Si Marine Le Pen répond à des questions différentes de celles qui lui sont posées, elle peut difficilement être tenue responsable de ses propos.

Est-ce malhonnête ? Ce que l'on peut a minima affirmer, c'est qu'elle utilise ici un authentique procédé rhétorique, documenté de longue date puisqu'on le retrouve dans l'ouvrage classique d'Arthur Schopenhauer, L'art d'avoir toujours raison. C'est le stratagème 17 : "Se défendre en coupant les cheveux en quatre. Si l'adversaire nous met en difficulté, il est souvent possible de se sauver en établissant une fine distinction à laquelle nous n'avions pas pensé auparavant."

C'est exactement ce que Marine Le Pen fait ici, en déclarant qu'elle ne parlait pas de Poutine mais de la Russie. Le fait est que, jeudi 31 mars, d'autres candidats avaient été beaucoup plus prudents qu'elle : preuve, peut-être, que son tropisme pro poutinien n'a pas totalement disparu.

Éric Zemmour, lui, ne s'est pas trompé

Sur franceinfo, lundi 4 avril, Éric Zemmour a, lui aussi, été interrogé sur les images qui nous sont parvenues de Boutcha. "C'est un crime insupportable, ignoble, mais en plus, pour lui, c'est vraiment salir l'image de la Russie, je ne comprends pas", a-t-il répondu. Un aveu rare dans la bouche du candidat d'extrême droite.

Notons que ce qu'il ne comprend pas, c'est le fait que Vladimir Poutine ait pu commettre des actes qui nuisent à l'image de la Russie. On retrouve la théorie qu'il défend en réalité depuis des années, selon laquelle l'autocrate russe serait avant tout un défenseur de la grandeur de la Russie.
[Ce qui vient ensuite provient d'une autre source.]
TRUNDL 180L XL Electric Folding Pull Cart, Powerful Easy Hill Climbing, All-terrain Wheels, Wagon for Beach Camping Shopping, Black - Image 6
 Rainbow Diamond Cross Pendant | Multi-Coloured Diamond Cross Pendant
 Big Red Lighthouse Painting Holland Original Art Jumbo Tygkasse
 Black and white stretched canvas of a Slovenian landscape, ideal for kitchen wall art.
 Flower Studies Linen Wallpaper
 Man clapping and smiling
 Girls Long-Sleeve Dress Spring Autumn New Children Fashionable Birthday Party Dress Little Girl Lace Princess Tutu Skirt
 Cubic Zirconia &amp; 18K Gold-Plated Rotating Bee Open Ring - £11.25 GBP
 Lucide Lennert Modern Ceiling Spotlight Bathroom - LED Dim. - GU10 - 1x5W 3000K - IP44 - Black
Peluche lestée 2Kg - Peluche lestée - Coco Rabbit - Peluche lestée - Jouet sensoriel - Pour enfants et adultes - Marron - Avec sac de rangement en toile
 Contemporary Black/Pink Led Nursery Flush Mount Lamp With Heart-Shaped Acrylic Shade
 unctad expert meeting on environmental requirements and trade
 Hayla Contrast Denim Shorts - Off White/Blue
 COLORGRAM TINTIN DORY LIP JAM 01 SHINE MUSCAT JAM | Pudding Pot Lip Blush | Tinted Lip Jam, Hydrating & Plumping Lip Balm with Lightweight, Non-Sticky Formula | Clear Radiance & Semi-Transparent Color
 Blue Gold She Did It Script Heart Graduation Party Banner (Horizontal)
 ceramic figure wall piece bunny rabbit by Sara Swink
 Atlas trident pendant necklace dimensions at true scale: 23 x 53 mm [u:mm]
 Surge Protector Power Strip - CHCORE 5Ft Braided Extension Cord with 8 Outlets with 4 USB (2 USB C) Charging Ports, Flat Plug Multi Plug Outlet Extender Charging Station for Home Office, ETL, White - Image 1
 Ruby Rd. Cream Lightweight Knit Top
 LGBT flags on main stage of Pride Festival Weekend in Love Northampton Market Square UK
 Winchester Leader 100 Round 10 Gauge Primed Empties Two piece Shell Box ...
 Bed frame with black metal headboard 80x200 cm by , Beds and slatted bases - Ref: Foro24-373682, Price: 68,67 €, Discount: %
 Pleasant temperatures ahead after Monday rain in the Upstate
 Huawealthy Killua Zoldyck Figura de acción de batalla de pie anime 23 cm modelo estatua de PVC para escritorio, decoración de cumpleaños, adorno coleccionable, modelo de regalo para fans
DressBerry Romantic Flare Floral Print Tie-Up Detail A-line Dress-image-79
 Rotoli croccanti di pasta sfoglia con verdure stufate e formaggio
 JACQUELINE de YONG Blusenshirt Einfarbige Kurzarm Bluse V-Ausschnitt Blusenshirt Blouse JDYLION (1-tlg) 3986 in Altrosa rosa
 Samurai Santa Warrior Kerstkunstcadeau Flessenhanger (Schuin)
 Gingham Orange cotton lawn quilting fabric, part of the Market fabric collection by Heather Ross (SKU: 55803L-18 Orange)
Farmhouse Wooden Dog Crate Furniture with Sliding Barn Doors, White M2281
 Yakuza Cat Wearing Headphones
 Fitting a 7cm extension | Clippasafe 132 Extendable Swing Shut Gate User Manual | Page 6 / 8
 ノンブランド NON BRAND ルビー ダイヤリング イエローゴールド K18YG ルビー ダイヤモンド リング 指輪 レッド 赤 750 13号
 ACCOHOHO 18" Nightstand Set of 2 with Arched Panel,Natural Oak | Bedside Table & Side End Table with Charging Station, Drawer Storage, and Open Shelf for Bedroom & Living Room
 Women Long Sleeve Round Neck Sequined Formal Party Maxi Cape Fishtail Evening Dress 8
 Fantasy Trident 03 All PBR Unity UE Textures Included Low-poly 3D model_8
Là aussi, les anciens tropismes n'ont pas forcément disparu. Ce qui disparaît assez vite, en revanche… c'est sa position d'humilité. "C'est horrible, mais je l'avais dit depuis le début : 'Les Russes, quand ils sont en guerre, sont capables des pires horreurs, de la violence la plus folle, a-t-il rétorqué. Quand Napoléon les a battus, ils ont brûlé leur capitale pour ne pas la lui laisser. Je l'avais dit depuis le début."

Non, il ne s'est pas trompé ! Rappelons que quelques jours à peine avant le début de l'offensive russe, il disait encore ne pas y croire. Mais ça n'est pas de cela qu'il parle ici : il parle de la cruauté du peuple russe pendant la guerre, et ça, il l'avait prévenu. En rhétorique, c'est là encore un stratagème : s'appuyer sur un point de détail pour clamer qu'on a raison alors que tout le reste nous donne tort. Quant au fond de l'argument, il repose sur une essentialisation du peuple russe, qui serait intrinsèquement et irréductiblement cruel. Nous laissons chacun juger de sa pertinence.

De toute évidence, Marine Le Pen et Éric Zemmour sont prêts à toutes les manigances pour tenter de faire oublier leur ancienne bienveillance à l'égard de Vladimir Poutine.